From the first notes of Candice Ivory’s New Southern Village, it’s obvious she’s no shrinking violet. She’s in your face and unabashed, reminiscent of a young Tina Turner.

Ivory, who daylights as a music instructor at Washington University in St. Louis, says she understands that blues is a global music with roots in the American South. “New Southern Vintage,” she says, “pays homage to this iconic Southern folk form as well as the heroines and heroes who created it, including my greatest inspirations: blueswoman Memphis Minnie and my own great-uncle Will Roy Sanders, who fronted the Fieldstones, the best Memphis blues band of the 1970s and 1980s.”
Ivory’s interest in the blues is heartfelt, and her last album was a Memphis Minnie tribute called When the Levee Breaks. But New Southern Vintage is not a tribute album. It’s more just a collection of good songs with a blend of influences from soul blues to blues rock. It features 8 originals by Ivory and/or her songwriting partner Robert Allen Parker. Some of the highlights include Ivory and Parker’s “Ain’t So Blind,” Ivory’s “Blue Blood,” Joe Henry Hicks’ “I’m In Trouble,” Parker’s “Let Your Love Shine On,” Robert Petway’s “Catfish Blues” (sung by Mississippi bluesman and juke joint proprietor Jimmy “Duck” Holmes), Ermest Lawlers’ “World of Trouble,” and “Memphis” Minnie Lawlers’ “Shout the Boogie.”

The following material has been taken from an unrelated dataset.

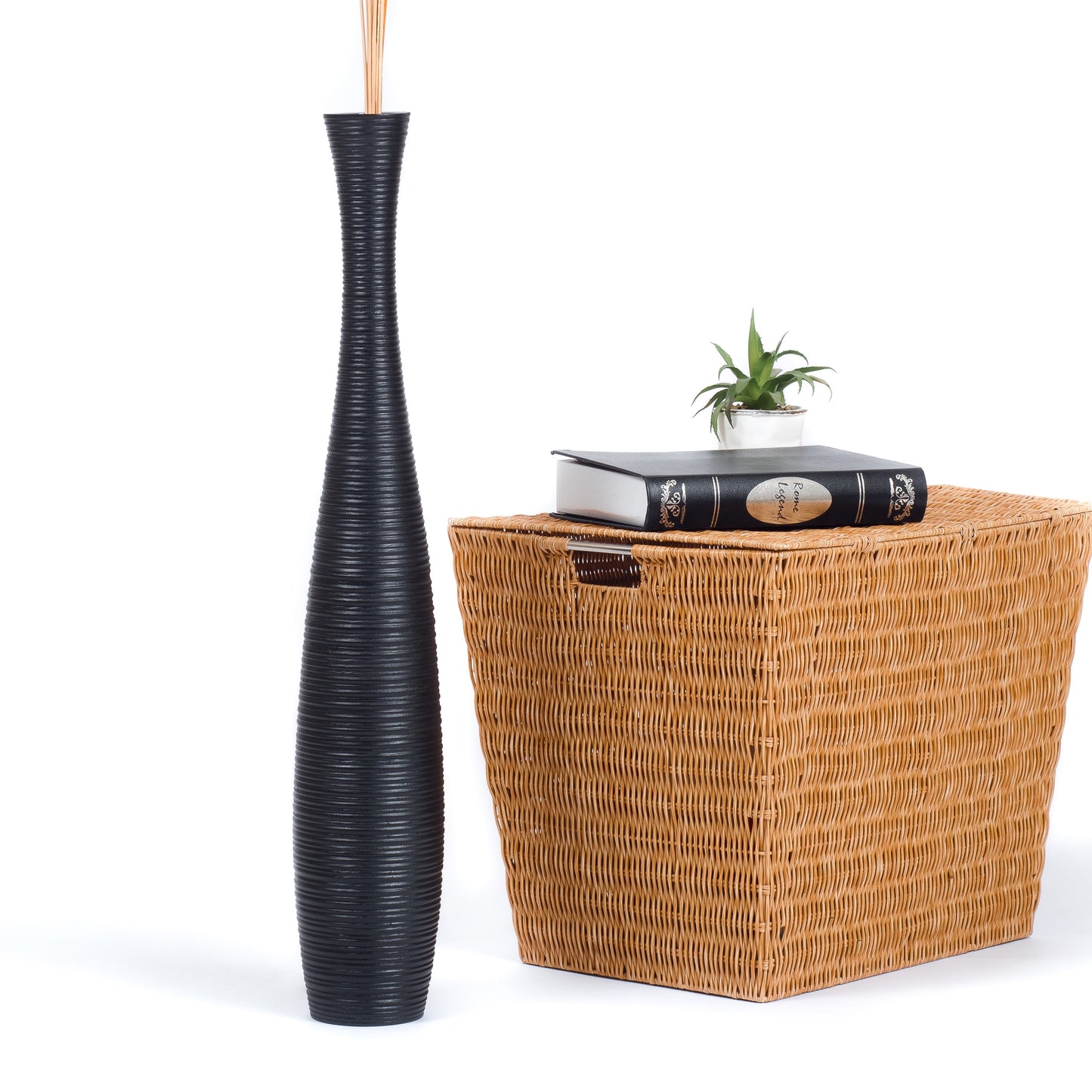 Large Mango Wood Floor Vase – Handcrafted Decorative Highlight from Thailand, black, 26 inches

The album features guest appearances by Holmes, Jan Hartmann, Antonio Vergara, Takuto Asano, and Chris Stephenson. She’s backed on several tracks by the album by Memphis-based band Blue Bloods (Parker, Public Enemy’s Khari Wynn, Adam Hill, and Donnon R. Johnson), as well as Ben Levin, Damian “Yella P” Pearson and Chris Stephenson.